Beery Thomas, Jönsson K. Ingemar
Beery, T., & Jönsson, K. I. (2017). Outdoor recreation and place attachment: Exploring the potential of outdoor recreation within a UNESCO Biosphere Reserve. Journal of Outdoor Recreation and Tourism, 17, 54-63. doi:10.1016/j.jort.2017.01.002
This study investigates outdoor recreation participation within a multifunctional landscape, a UNESCO Man and Biosphere Reserve. The reserve, the Kristianstad Vattenrike located in southern Sweden, has made a deliberate effort to make the experience of biodiversity possible for residents and visitors. Recreation is a key part of the biodiversity conservation effort in the area, represented by the infrastructure of the Kristianstad Vattenrike's 21 visitor sites. Given the biosphere reserve context, this study investigates the question of whether there is a relationship between outdoor recreation participation and place attachment.

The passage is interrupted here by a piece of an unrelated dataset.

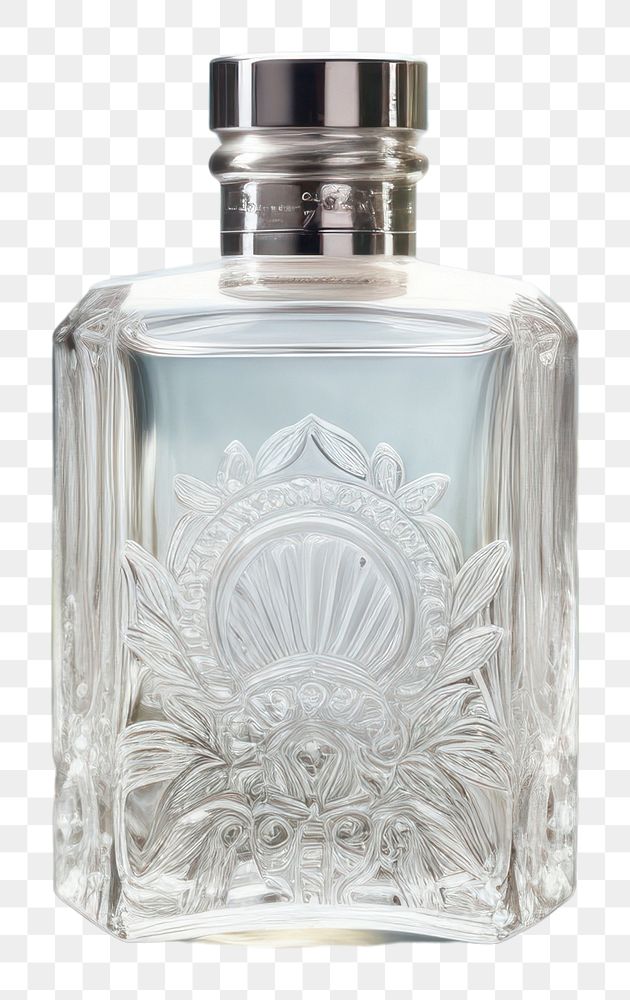 PNG Prefume bottle cosmetics perfume white. AI generated Image by rawpixel.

Survey data was collected using concurrent application of multiple sampling strategies including both probability and purposive sampling of local adult residents of the biosphere area. Quantitative analysis showed a significant positive relationship between the level of outdoor recreation participation and place attachment. Qualitative data supported this relationship with more details about place attachment within the studied area. The study confirms a relationship between place attachment and outdoor recreation and provides insight into how the biosphere reserve context supports this relationship. The results of this study show that significant biodiversity management in close conjunction with outdoor recreational opportunity can be achieved and provides opportunities for human engagement and experience of biodiversity. Management Implications: This research can help managers design recreational settings that support biodiversity conservation goals. Our research found that: • A leading motivation for outdoor recreation participation is nature experience and this motivation can be used by managers to highlight a biodiversity conservation interpretive message in the design of outdoor recreation infrastructure. • Providing proximate access to nature based outdoor recreation, to support deliberate and direct experience of biodiversity, is an important component of engaging the public in biodiversity conservation. • Recreation proximity alone will not create public engagement in biodiversity conservation. However, proximity as a part of a deliberate institutional design including biodiversity conservation, sustainable development, and logistic support for research and monitoring may be critical for public engagement.
The study confirms a relationship between place attachment and outdoor recreation and provides insight into how the biosphere reserve context supports this relationship. Significant biodiversity management in close conjunction with outdoor recreational opportunity can be achieved and provides opportunities for human engagement and experience of biodiversity.